● **EXERCISE INSTRUCTIONS**: Each entry has to be given again in its exact wording, and no picture may appear in the result.

● **Crawled caption data**:

------------------------------

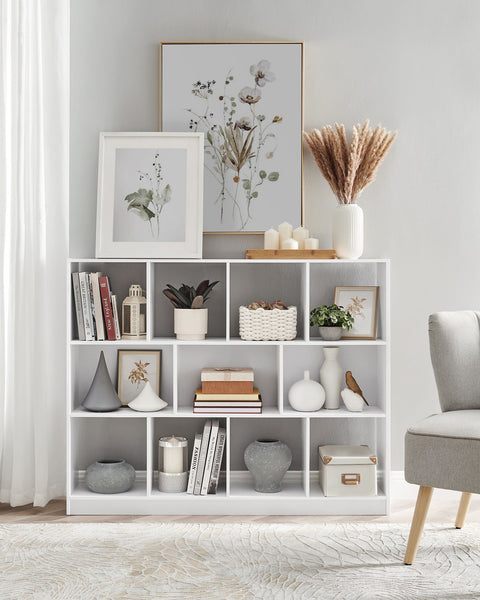 Rootz Chipboard Bookshelf - White Storage Rack - Organizer - Sturdy Construction - Easy Assembly - 30cm x 126cm x 100cm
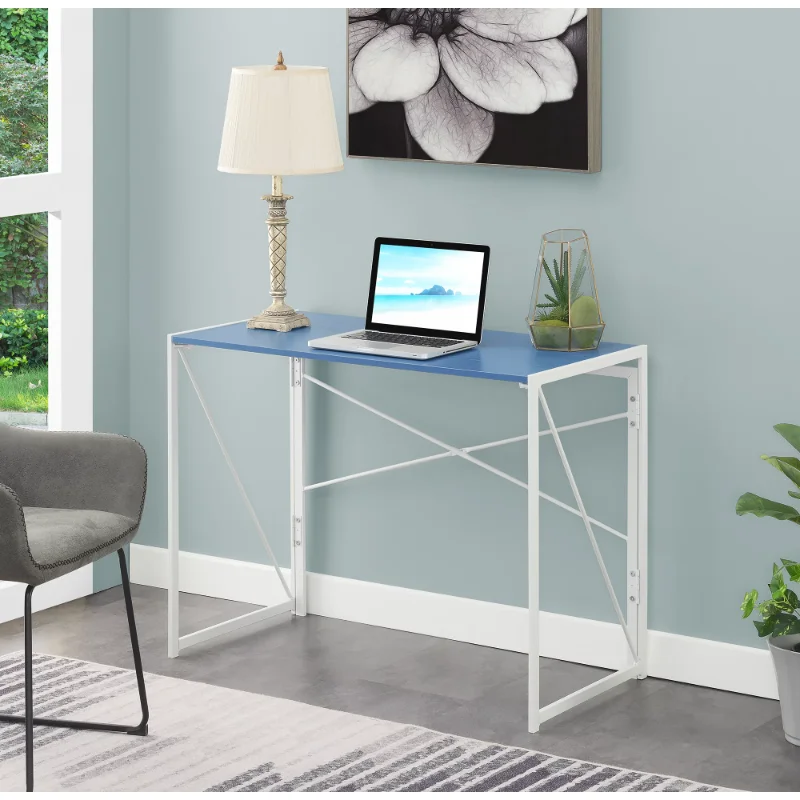 

Convenience Concepts Extra Folding Desk, Blue/White study desk work desk gaming desk Office Furniture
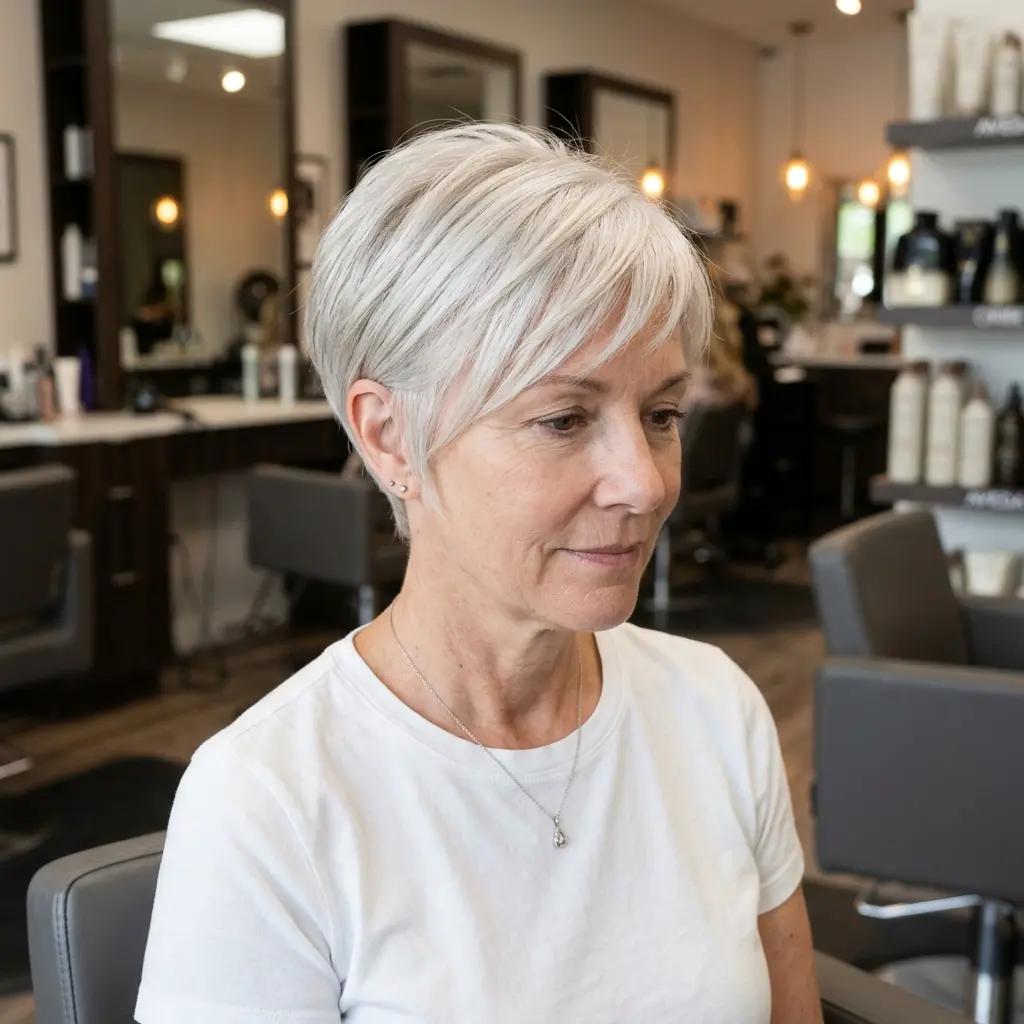 #2 Silver Blonde Pixie on Fine Hair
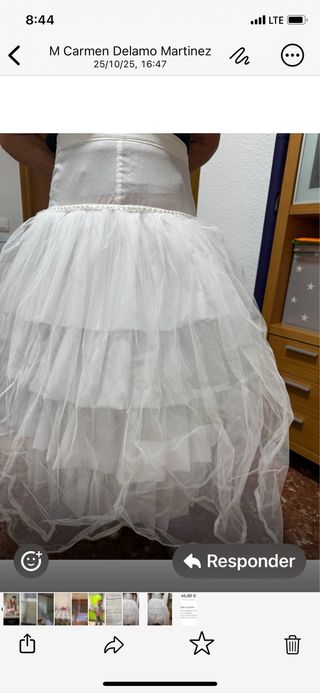 Cancán Fallera Blanco Talla Única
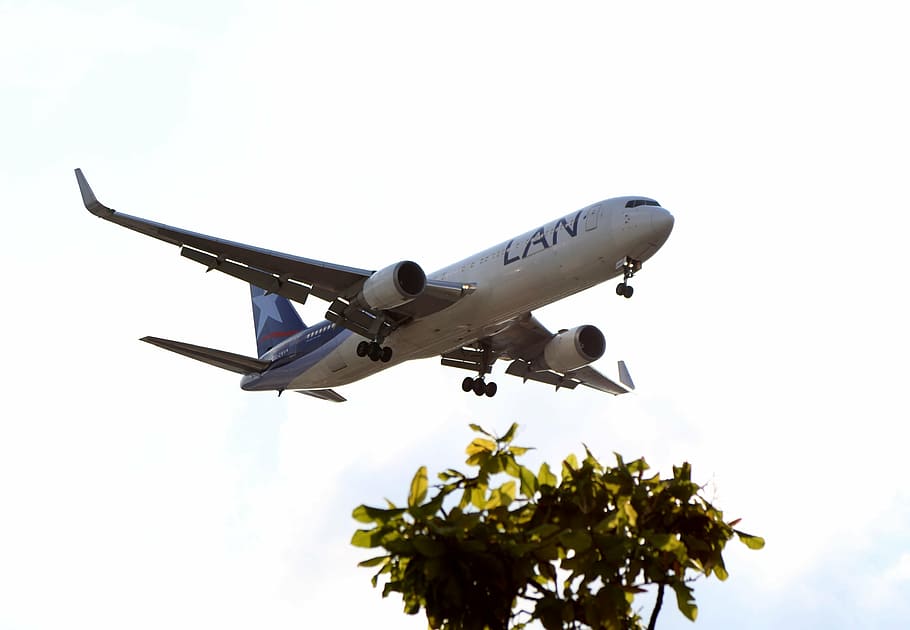beige airplane, flying, commercial, aircraft, trip, take-off HD wallpaper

------------------------------

● **RESULT**:
 Rootz Chipboard Bookshelf - White Storage Rack - Organizer - Sturdy Construction - Easy Assembly - 30cm x 126cm x 100cm

Convenience Concepts Extra Folding Desk, Blue/White study desk work desk gaming desk Office Furniture
 #2 Silver Blonde Pixie on Fine Hair
 Cancán Fallera Blanco Talla Única
beige airplane, flying, commercial, aircraft, trip, take-off HD wallpaper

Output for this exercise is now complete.